#### Data in this exercise:

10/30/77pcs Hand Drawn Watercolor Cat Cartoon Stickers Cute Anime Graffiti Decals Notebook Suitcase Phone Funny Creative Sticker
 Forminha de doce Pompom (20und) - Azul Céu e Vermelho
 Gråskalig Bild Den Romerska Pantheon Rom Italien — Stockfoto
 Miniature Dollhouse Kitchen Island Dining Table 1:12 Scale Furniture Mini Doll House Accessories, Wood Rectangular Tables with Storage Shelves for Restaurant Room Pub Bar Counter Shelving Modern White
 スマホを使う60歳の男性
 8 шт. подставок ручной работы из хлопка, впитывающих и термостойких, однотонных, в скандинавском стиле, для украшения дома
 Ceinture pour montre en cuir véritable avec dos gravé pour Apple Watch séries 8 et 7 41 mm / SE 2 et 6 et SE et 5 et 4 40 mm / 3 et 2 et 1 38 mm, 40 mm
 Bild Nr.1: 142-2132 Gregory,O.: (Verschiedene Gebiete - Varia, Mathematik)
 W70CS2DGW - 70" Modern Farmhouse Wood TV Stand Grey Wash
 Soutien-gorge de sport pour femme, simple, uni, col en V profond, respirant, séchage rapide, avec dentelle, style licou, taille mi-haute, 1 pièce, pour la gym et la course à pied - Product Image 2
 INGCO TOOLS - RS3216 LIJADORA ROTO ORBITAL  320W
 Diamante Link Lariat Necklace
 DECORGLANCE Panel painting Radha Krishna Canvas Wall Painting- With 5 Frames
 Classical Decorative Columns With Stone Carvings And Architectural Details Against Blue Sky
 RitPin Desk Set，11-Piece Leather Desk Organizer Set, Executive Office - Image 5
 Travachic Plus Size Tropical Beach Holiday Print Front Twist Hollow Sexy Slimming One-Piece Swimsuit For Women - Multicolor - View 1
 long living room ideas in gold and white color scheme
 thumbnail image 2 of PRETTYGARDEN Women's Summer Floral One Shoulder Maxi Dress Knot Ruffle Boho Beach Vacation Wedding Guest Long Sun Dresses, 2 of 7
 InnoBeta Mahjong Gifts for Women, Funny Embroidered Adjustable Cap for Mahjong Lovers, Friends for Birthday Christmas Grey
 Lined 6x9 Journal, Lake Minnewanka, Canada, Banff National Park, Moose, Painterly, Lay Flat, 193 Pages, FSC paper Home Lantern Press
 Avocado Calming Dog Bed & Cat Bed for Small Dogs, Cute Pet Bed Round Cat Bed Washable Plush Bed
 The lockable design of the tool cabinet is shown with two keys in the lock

#### Task:
Every line of the listing that holds the word "Piece" should be counted. Please give that number only.

#### Your solution:
2